Please check this comment npm ERR while resolving [email protected] · Issue #7095 · vuejs/vue-cli · GitHub

So I created a custom base image with node version and rebuilt docker image for n8n and it worked.

Thanks

Hey @netroy @MutedJam
thanks for the last help. I am stuck on another queue issue.
It would be really great if anyone can please take a look into it.

return new Error('Missing lock for job ' + jobId + ' ' + command);

2022-09-26T17:33:13.953+05:30	^

2022-09-26T17:33:13.953+05:30	Error: Missing lock for job 898 failed

2022-09-26T17:33:13.953+05:30	at Object.finishedErrors (/home/node/node_modules/bull/lib/scripts.js:189:16)

2022-09-26T17:33:13.953+05:30	at Job.moveToFailed (/home/node/node_modules/bull/lib/job.js:342:19)

2022-09-26T17:33:13.953+05:30	at processTicksAndRejections (node:internal/process/task_queues:96:5)

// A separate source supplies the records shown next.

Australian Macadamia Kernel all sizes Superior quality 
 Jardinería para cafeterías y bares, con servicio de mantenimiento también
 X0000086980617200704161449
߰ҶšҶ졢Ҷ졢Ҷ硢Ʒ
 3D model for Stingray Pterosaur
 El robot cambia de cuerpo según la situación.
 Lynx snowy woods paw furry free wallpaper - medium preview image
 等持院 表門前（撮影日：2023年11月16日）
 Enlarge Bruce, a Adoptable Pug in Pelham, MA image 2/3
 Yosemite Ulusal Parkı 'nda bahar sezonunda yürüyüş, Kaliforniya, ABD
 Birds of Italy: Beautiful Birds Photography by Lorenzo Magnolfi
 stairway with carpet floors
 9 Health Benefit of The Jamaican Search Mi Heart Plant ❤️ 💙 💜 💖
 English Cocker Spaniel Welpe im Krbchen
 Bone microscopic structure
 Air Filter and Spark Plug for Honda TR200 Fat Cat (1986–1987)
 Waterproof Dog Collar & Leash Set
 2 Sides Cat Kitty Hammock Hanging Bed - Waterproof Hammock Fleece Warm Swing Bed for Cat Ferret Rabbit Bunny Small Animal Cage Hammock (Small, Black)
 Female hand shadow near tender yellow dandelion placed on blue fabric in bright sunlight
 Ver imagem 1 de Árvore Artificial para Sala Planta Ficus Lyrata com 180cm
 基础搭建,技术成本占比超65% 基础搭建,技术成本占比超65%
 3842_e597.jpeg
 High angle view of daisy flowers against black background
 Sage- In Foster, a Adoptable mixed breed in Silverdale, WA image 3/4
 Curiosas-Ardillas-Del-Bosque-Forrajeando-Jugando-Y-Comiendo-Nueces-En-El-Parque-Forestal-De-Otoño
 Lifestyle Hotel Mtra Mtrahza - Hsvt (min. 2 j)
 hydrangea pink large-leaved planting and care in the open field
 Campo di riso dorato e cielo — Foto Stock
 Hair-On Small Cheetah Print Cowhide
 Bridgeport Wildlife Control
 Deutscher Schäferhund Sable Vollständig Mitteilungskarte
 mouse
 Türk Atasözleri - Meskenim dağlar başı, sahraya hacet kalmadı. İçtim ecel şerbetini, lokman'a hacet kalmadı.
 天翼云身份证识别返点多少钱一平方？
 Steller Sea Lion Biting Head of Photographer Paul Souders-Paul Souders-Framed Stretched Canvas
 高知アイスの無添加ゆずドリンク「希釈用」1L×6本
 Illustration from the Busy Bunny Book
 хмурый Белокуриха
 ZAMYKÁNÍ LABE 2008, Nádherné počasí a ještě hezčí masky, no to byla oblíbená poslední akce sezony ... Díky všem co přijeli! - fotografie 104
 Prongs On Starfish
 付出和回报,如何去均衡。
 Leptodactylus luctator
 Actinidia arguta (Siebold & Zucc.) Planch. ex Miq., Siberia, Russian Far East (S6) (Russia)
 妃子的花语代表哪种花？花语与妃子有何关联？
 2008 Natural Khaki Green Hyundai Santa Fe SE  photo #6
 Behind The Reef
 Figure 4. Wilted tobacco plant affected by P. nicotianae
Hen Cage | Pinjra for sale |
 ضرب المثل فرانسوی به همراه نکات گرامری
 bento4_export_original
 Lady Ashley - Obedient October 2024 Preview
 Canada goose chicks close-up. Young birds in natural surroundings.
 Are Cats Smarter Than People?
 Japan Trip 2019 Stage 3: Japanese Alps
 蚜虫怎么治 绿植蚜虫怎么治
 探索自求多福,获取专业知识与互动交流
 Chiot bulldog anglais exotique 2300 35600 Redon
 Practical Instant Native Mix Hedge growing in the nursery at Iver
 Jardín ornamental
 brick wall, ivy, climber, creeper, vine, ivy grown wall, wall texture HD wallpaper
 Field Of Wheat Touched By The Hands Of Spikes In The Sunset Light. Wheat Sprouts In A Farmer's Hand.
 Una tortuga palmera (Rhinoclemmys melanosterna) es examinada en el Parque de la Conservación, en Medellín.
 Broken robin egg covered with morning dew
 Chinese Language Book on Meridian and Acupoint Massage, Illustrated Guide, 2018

I have googled that it is related to the queue but haven’t been able to find a solution for the same.

Thanks

Hey @sulabhsuneja,

What are the resources looking like for the Redis server?

Hey @Jon

I am using AWS managed Redis clusters and metrics are showing just fine.(utilization below 10 percent)

Thanks

Hey @sulabhsuneja,

That was the only thing I could find on the Bull side, Is this an error you are always seeing or is it intermittent?

@Jon . thanks for the quick response.
This is the only error I am getting right now. I have enabled logs and all the nodes are working perfectly and finishing successfully but workflow’s executions are just not getting updated I guess. I’ll also take a look into database if anything is logged there.

Meanwhile, I also found some links on the same issue.

Please check if you can figure something out from it.

Thanks

Hey @sulabhsuneja,

They look to be unrelated to me, Have you changed anything in the core code for n8n? It would be nice to be able to rule out any changes to the docker image you are using.

I will drop a message to the chap internally that knows about Bull to see if he has any thoughts.

Hey @Jon

I am from Devops team so don’t have much knowledge about custom code. I will ask Developer to look into the custom code and check again.

Hey @sulabhsuneja,

I have had a chat with the chap that knows about Bull, Is that error coming from the main instance or one of the workers?

If it is the main instance we will need to know what trigger nodes you are using so we can see what is going on, If it is one of the workers you might need to reduce the concurrency level for it.

We think what is happening is either the main or the worker instance is getting overloaded so we just need to work out the where.

1 Like

Hey @Jon

This error is coming from the worker instance but it was showing

Problem with execution 83200: job stalled more than maxStalledCount. Aborting

and then on the next execution, it was showing

Error: Missing lock for job 934 finished\n    at Queue.onFailed (/home/node/node_modules/bull/lib/job.js:516:18)\n    at Queue.emit (node:events:526:28)\n    at Queue.emit (node:domain:475:12)\n    at Redis.messageHandler (/home/node/node_modules/bull/lib/queue.js:444:14)\n    at Redis.emit (node:events:526:28)\n    at Redis.emit (node:domain:475:12)\n    at DataHandler.handleSubscriberReply (/home/node/node_modules/ioredis/built/DataHandler.js:80:32)\n    at DataHandler.returnReply (/home/node/node_modules/ioredis/built/DataHandler.js:47:18)\n    at JavascriptRedisParser.returnReply (/home/node/node_modules/ioredis/built/DataHandler.js:21:22)\n    at JavascriptRedisParser.execute (/home/node/node_modules/redis-parser/lib/parser.js:544:14)\n    at Socket.<anonymous> (/home/node/node_modules/ioredis/built/DataHandler.js:25:20)\n    at Socket.emit (node:events:526:28)\n    at Socket.emit (node:domain:475:12)\n    at addChunk (node:internal/streams/readable:315:12)\n    at readableAddChunk (node:internal/streams/readable:289:9)\n    at Socket.Readable.push (node:internal/streams/readable:228:10)\n    at TCP.onStreamRead (node:internal/stream_base_commons:190:23)

Thanks

Hey @sulabhsuneja,

In that case it might be worth tweaking your worker concurrency and lowering it to see if that helps or add more worker nodes to your setup. You can find a bit more about that stalled count message here: Job stalled more than max Stalled Count - #5 by krynble

1 Like

Hey @Jon @netroy @MutedJam

Thanks for the response you provided. I am able to run workflows now and resolve the bull issue.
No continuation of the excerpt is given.